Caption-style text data
——

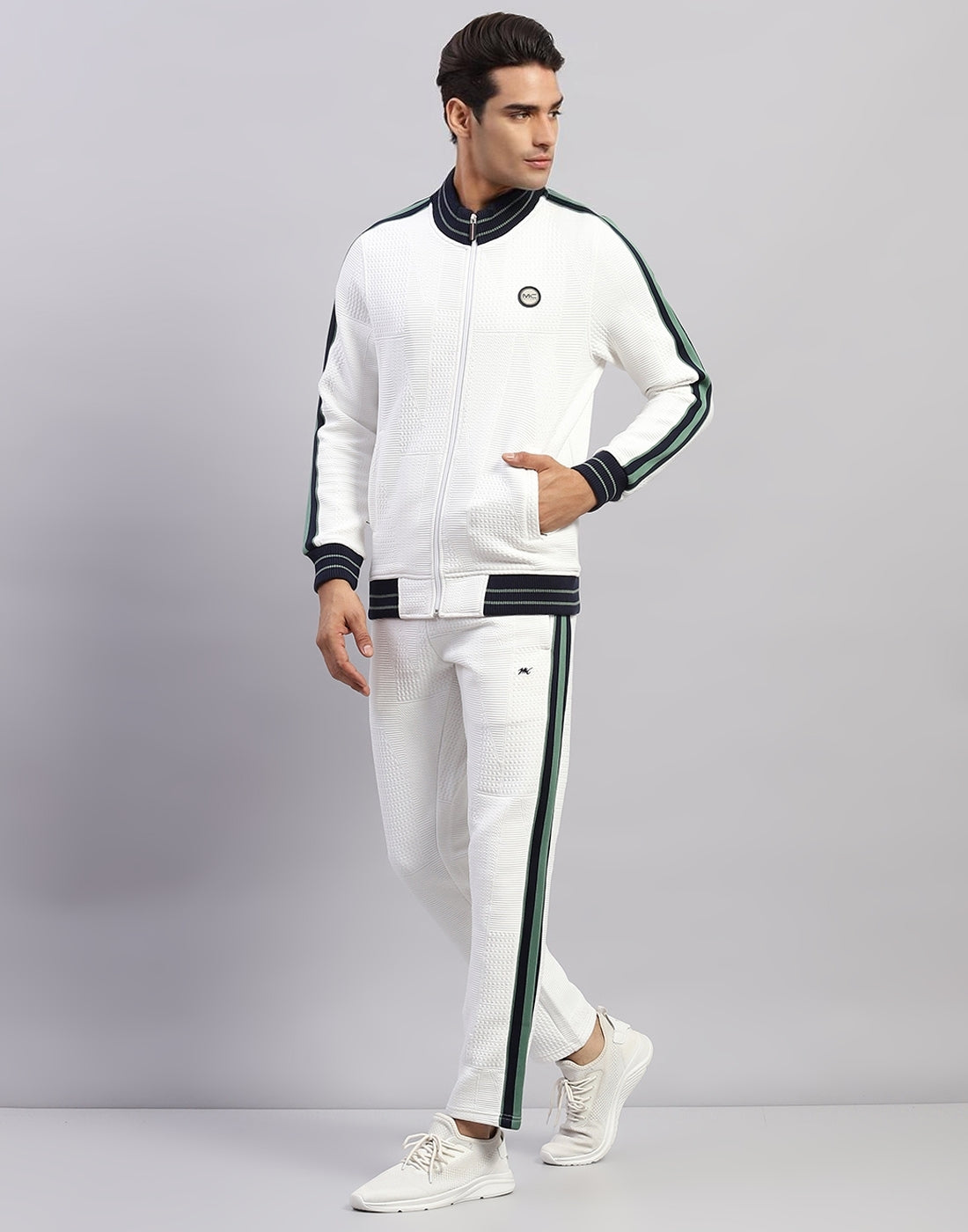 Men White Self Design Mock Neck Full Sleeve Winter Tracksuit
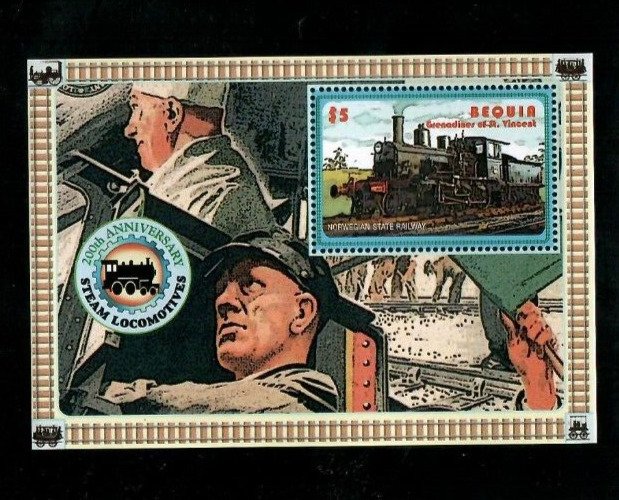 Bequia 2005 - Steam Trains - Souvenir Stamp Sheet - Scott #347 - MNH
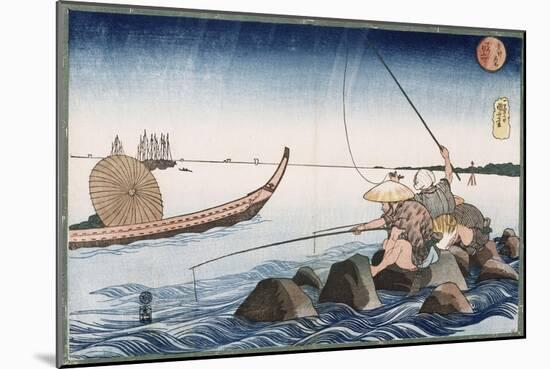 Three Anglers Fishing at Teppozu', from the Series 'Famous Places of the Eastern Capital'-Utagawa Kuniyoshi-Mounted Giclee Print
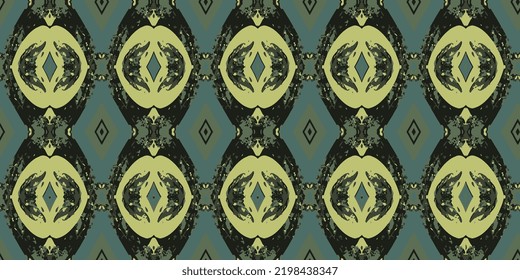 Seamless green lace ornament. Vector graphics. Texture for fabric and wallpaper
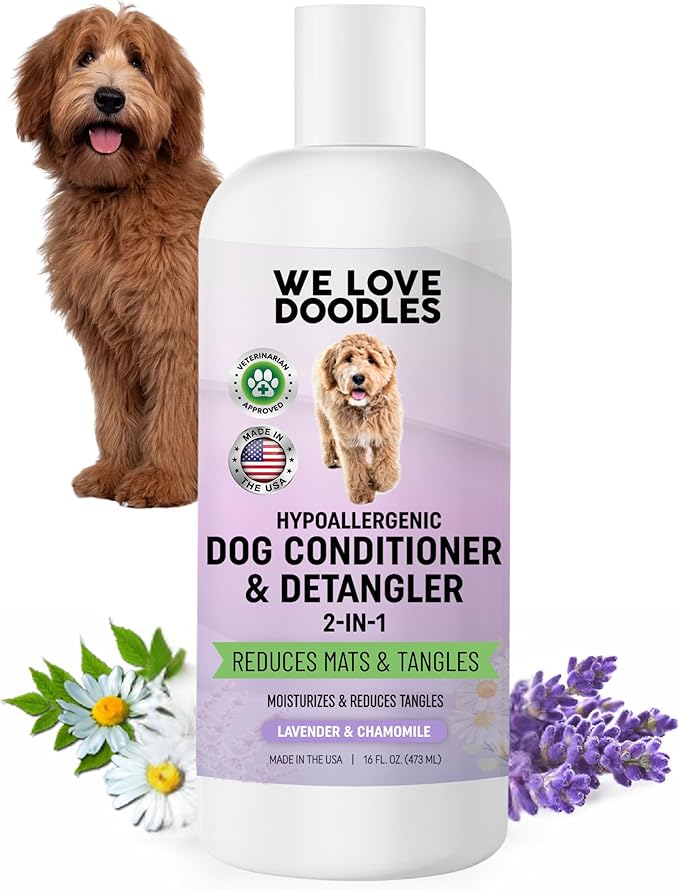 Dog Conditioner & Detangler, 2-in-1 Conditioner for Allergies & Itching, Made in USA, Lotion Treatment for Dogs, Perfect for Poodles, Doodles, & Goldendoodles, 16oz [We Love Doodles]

——

**Description of the task:**
After locating the line containing "Three Anglers Fishing" in the entries above, repeat only it and each later line through the end, exactly, without any pictures.

**Exercise answer:**
 Three Anglers Fishing at Teppozu', from the Series 'Famous Places of the Eastern Capital'-Utagawa Kuniyoshi-Mounted Giclee Print
 Seamless green lace ornament. Vector graphics. Texture for fabric and wallpaper
 Dog Conditioner & Detangler, 2-in-1 Conditioner for Allergies & Itching, Made in USA, Lotion Treatment for Dogs, Perfect for Poodles, Doodles, & Goldendoodles, 16oz [We Love Doodles]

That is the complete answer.